Individuals with type 2 diabetes mellitus (T2DM) have a greater risk of bone fracture compared to those with normal glucose tolerance (NGT) despite normal to high bone mineral density even after accounting for confounders like falls, BMI, and comorbidities. In contrast, individuals with impaired glucose tolerance (IGT) have a lower or similar risk of fracture.
Our objective was to understand how progressive glycemic derangement affects the composition and mechanical properties of iliac bone from postmenopausal women with NGT (n = 35, age = 65±7y, HbA1c = 5.8%±0.3%), IGT; n = 26, age = 64±5y, HbA1c = 6.0±0.4%), and overt T2DM on insulin (n = 23, age = 64±6y, HbA1c = 9.1%±2.2%). The samples from NGT and T2DM were imaged with confocal/second harmonic generation microscopy to spatially resolve fluorescent advanced glycation endproducts (fAGEs) and collagen alignment. A subset of samples (n = 14 NGT, n = 14 T2DM) with the lowest serum bone resorption marker, CTx was analyzed with nanoindentation and Raman microscopy.

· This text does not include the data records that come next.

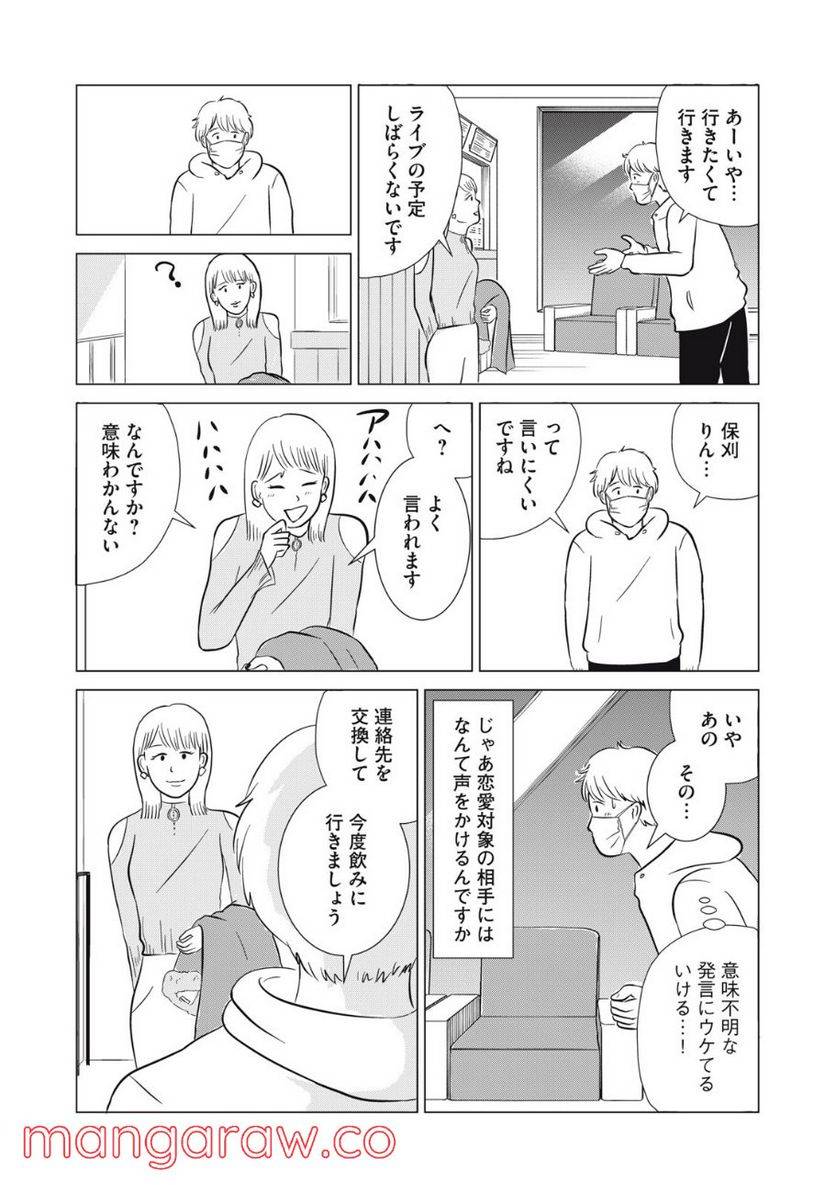 ページ 25 — 第17話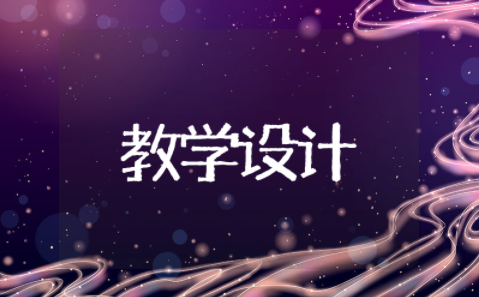 商的近似值教学设计及意图说明 商的近似数公开课教学设计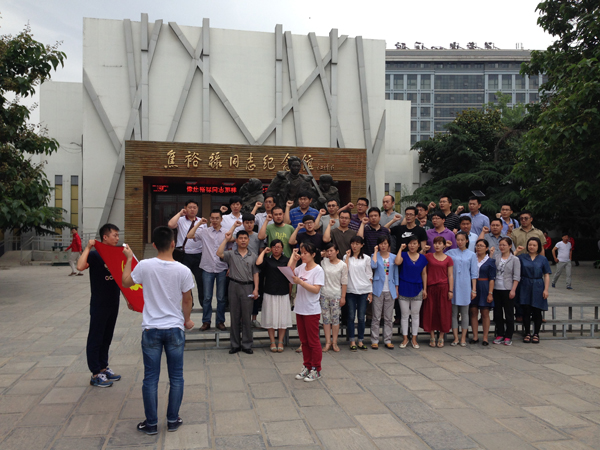 我集团党支部组织教师党员参观焦裕禄纪念馆 我集团党支部组织教师党员参观焦裕禄纪念馆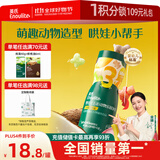 英氏（Engnice）婴幼儿手指泡芙宝宝零食五彩动物乐园泡芙条什锦果果味罐装32g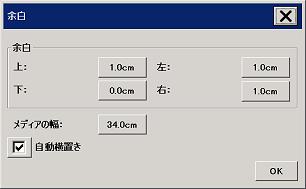 []] _CAO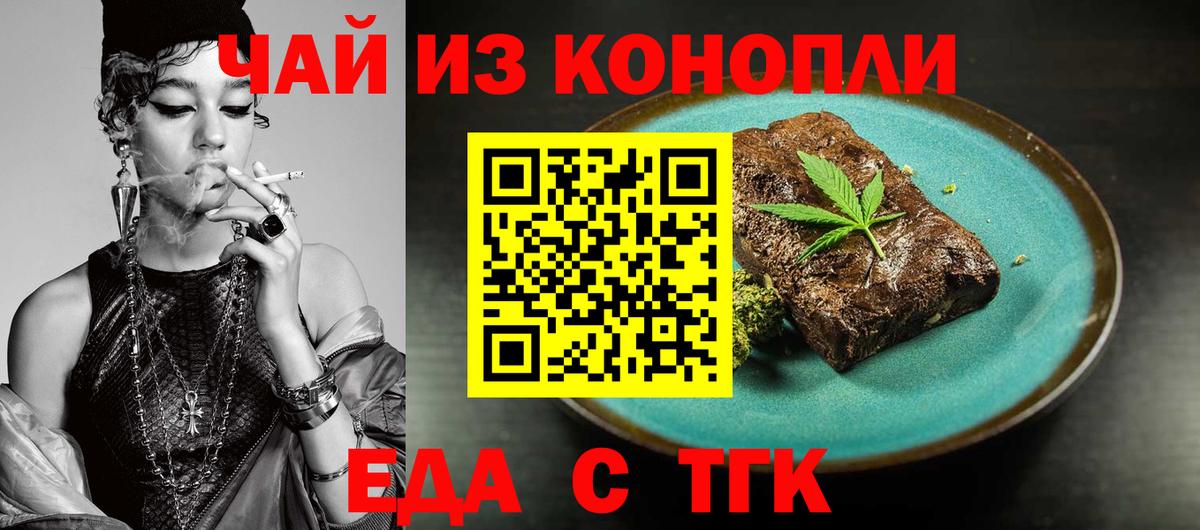 Cannafood конопля  Алушта 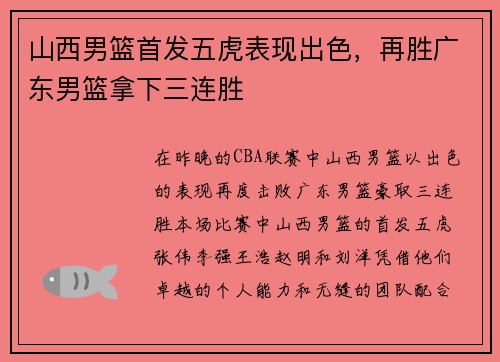 山西男篮首发五虎表现出色，再胜广东男篮拿下三连胜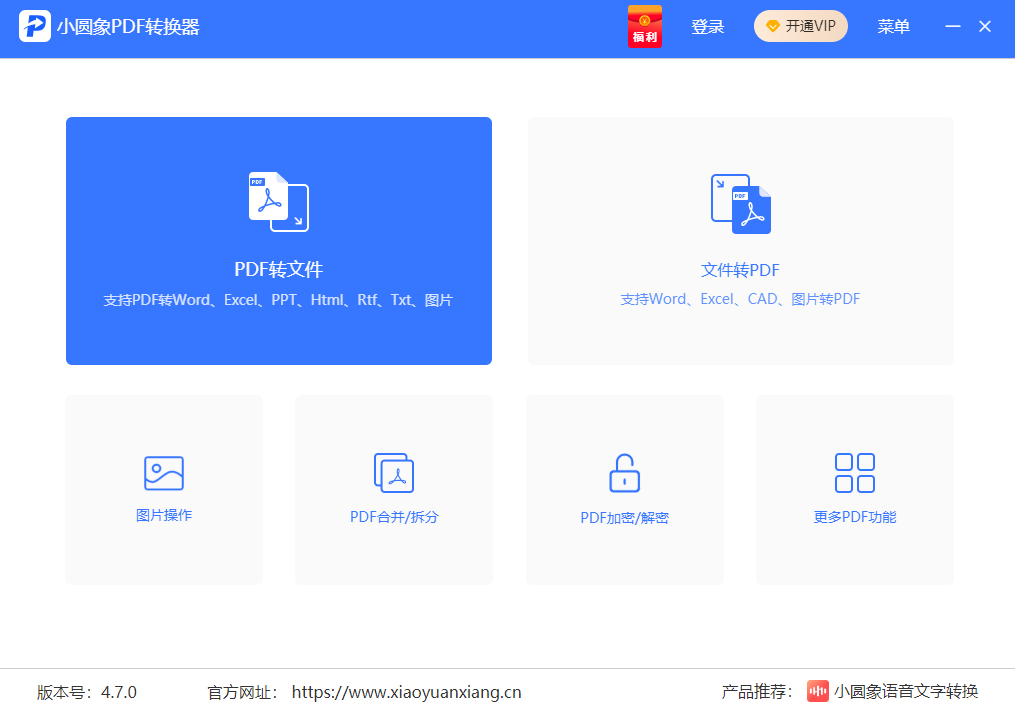 小圓象PDF轉(zhuǎn)換器高級版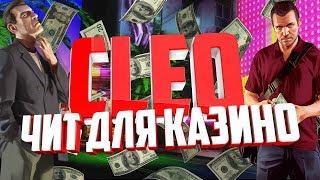 [2023] Cleo Чит казино для SAMP 0.3.7 [2023]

Cortical bone from the T2DM group was stiffer (+9%, p = 0.021) and harder (+8%, p = 0.039) compared to that from the NGT group, but the trabecular bone had similar material properties across groups. Fluorescent AGE content was greater in bone from the T2DM vs. the NGT group (cortical +77%, p < 0.001; trabecular +57%, p < 0.001) and modestly correlated with HbA1c (R² = 0.33, p < 0.001), but Raman spectroscopic properties did not differ across groups. When tissue material properties were assessed by sub-region (Cortical: osteonal, interstitial; Trabecular: fluorochrome label, center, edge), the relatively older tissue had higher stiffness, hardness, fAGE content, mineral content and crystallinity, and collagen maturity compared to the younger tissue. These results demonstrate that bone tissue fAGEs, which have previously been shown to embrittle bone, increase with worsening glycemic control. This relationship suggests a potential mechanism by which bone fragility may increase despite greater tissue stiffness and hardness in individuals with T2DM.